A short time after the series was canceled in america, Sky TV started to broadcast the first (and now only) series of this new police drama.
It quickly set the scene: a new superintendent (apparently that's not a janitor, it's a senior officer - as a dialog with an antagonistic, jailed, gang-leader informs us), a woman no less, wants to start a crusade against organised crime in Chicago. We are quickly led to believe that the leader of the corruption is no less than the guy in charge of the city and that she is out to prove it.
So, we have our protagonists: the lady cop and a grunt who's incapable of working with anyone else as he thinks he's better than all his partners. We have our antagonist: the fat-cat politician who pulls the strings on organised crime to serve his will. We have some set-piece nastiness to further convince us and we have a new partner for Mr. Better-than-everybody-else to inject some emotional and personal conflict into the situation. Oh yes, it turns out that Mrs. Top Cop also used to be the guy's partner, too.
Let's quickly go down the list of cop-show cliches and see if we've missed anything out. .... nope, can't spot any - they're all there, even down to the ex-wife and new girlfriend and under-the-wing relative in the force.
And that just about sums up The Chicago Code. It's well put together. The dialog works on a cop-show level: it's never going to be mistaken for Shakespeare. The scenes are set out in the finest traditions of the Chicago Tourist Board and there's just the right mix of shootings, killings, drugs and violence to remind us that this is an american cop show. That's pretty much all there to it. It runs to the formula and if you like that, that's great.
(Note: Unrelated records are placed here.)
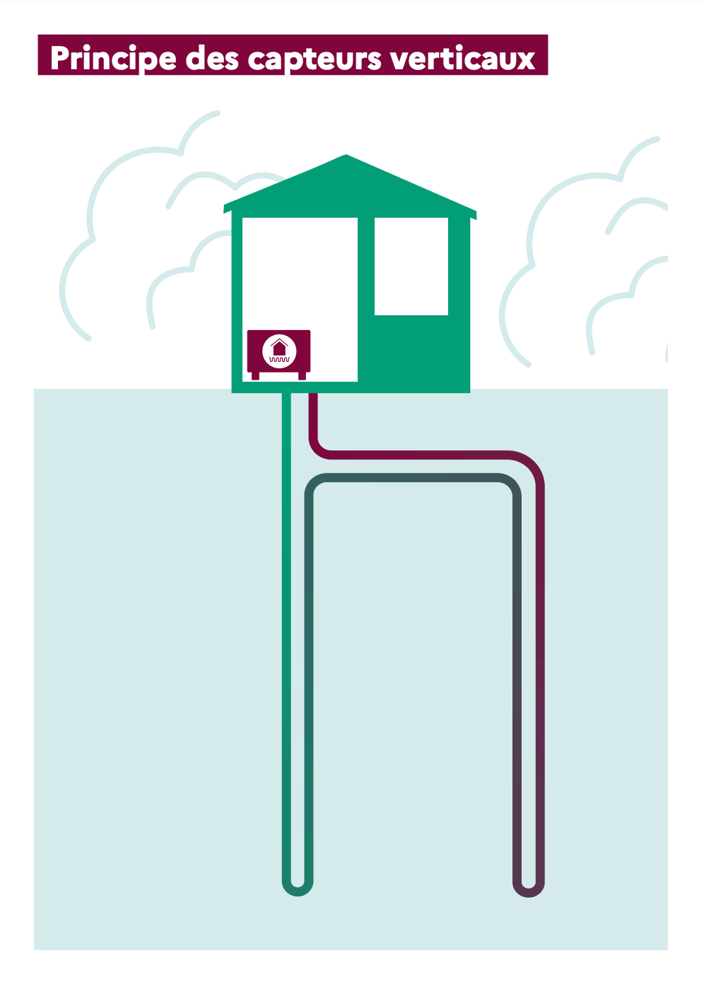 Pompe à chaleur hydrothermique tout savoir Hellio — free download
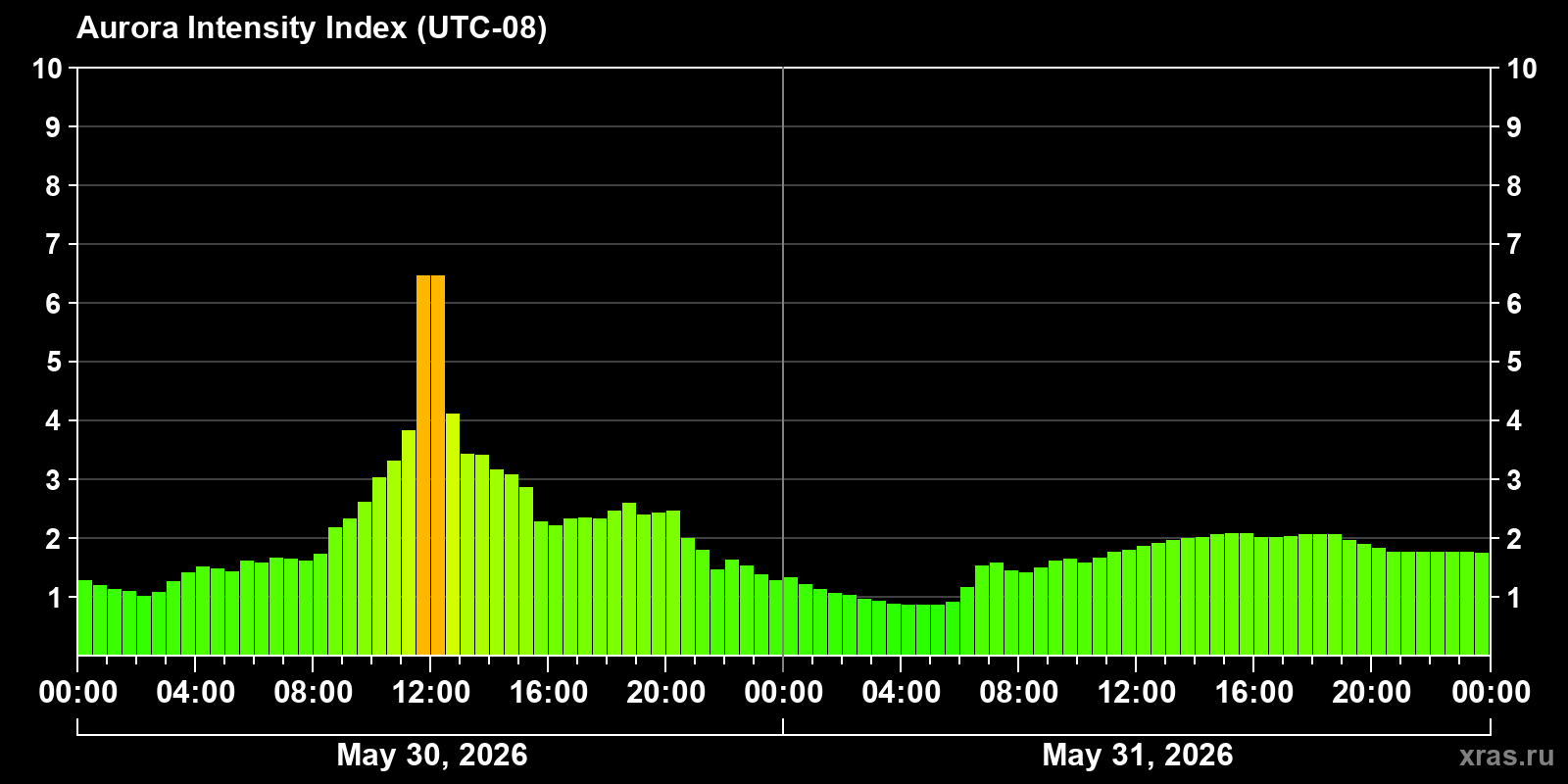 Polar auroras over the past 2 days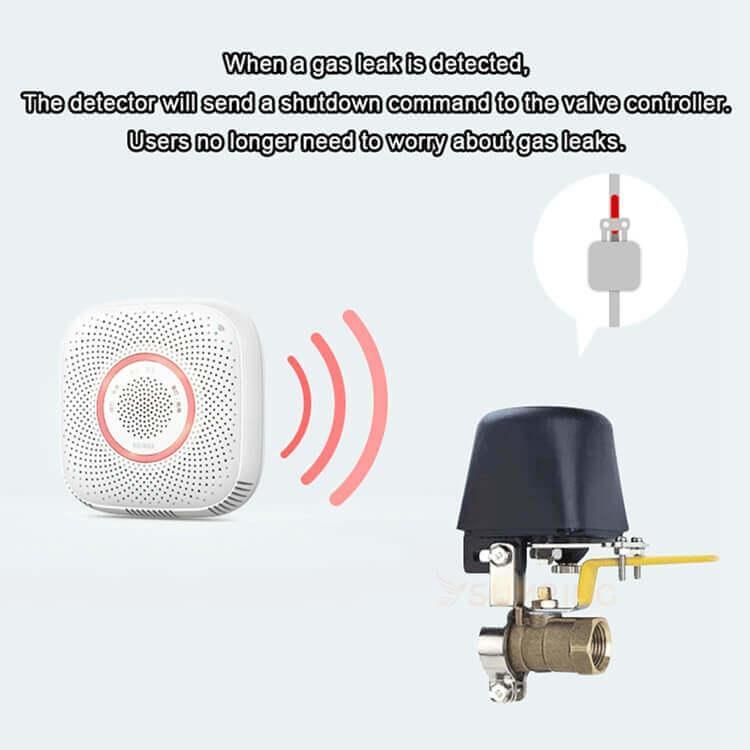 360 Degree Sound and Light Alarm Smart Home Methane Propane Combustible LPG Gas Leak Detector Sensor for Home Safety Kitchen Use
It won't make you think and you won't have to agonise over whether any given character is good or bad, or misguided or under duress - it's pretty black and white (though the racial element is given to the Irish community of Chicago, none of whom have ever stepped outside the USA, either in character or in person).
If this series had been screened 20 or 30 years ago, it could (could) have been original. However now it's just another cop show: we've seen 'em all before.